Start of Information supplied

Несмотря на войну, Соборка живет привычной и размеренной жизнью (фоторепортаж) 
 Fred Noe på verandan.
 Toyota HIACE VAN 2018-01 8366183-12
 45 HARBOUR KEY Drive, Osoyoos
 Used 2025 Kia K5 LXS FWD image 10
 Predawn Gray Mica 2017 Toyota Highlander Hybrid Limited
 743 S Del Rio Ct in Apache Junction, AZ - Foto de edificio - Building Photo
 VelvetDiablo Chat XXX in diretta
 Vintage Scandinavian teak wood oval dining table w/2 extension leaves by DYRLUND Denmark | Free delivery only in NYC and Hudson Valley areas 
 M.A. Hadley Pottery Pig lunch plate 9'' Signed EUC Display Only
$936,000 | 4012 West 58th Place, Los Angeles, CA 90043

End of Information supplied

Only the lines from the one with "VelvetDiablo Chat XXX in diretta" through the end of the data should be printed, each exactly as it appears.

 VelvetDiablo Chat XXX in diretta
 Vintage Scandinavian teak wood oval dining table w/2 extension leaves by DYRLUND Denmark | Free delivery only in NYC and Hudson Valley areas 
 M.A. Hadley Pottery Pig lunch plate 9'' Signed EUC Display Only
$936,000 | 4012 West 58th Place, Los Angeles, CA 90043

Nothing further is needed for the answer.